Isolation does not make prisoners or prison staff safe. It just inflicts cruelty. Other states, including Virginia, Colorado and Arizona, have significantly reduced the isolation of prisoners facing the death penalty.
The tide is turning across the nation on solitary confinement, in part because there is no valid penological reason to isolate prisoners sentenced to death. There is nothing unique about Pennsylvania’s prisons or its death-sentenced prisoners to prevent humane treatment. Any prisoner, regardless of sentence, may “earn” time in isolation for severe or persistent misconduct, but experts uniformly agree that such isolation must be finite and brief.
While U.S. constitutional law is still evolving, respected American jurists have joined the chorus challenging the use of prolonged solitary confinement. Justice Anthony Kennedy noted, “[R]esearch still confirms what this Court suggested over a century ago: Years on end of near-total isolation exact a terrible price.” In describing a case in which a death-sentenced prisoner had been held in isolation for 25years, Justice Kennedy told a House Appropriations Subcommittee that, “This idea of total incarceration just isn’t working.
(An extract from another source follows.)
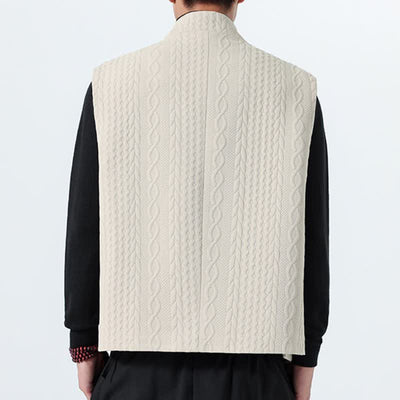 Buddha Stones Fall Winter Casual Minimalist Solid Knit Tank Top Men's Vests - image 8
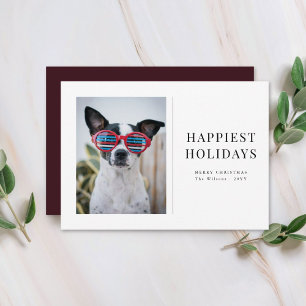 Happiest Holidays Funny Dog Photo Christmas Card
And it’s not humane. . . . Solitary confinement literally drives men mad.”
Pennsylvania's DOC should see the writing on the wall and end mandatory and permanent solitary confinement for state prisoners on death row. Pennsylvania needs to join Missouri, North Carolina, and other states in abolishing this inhumane policy. If the DOC refuses, we and a few federal judges should be able to help them along.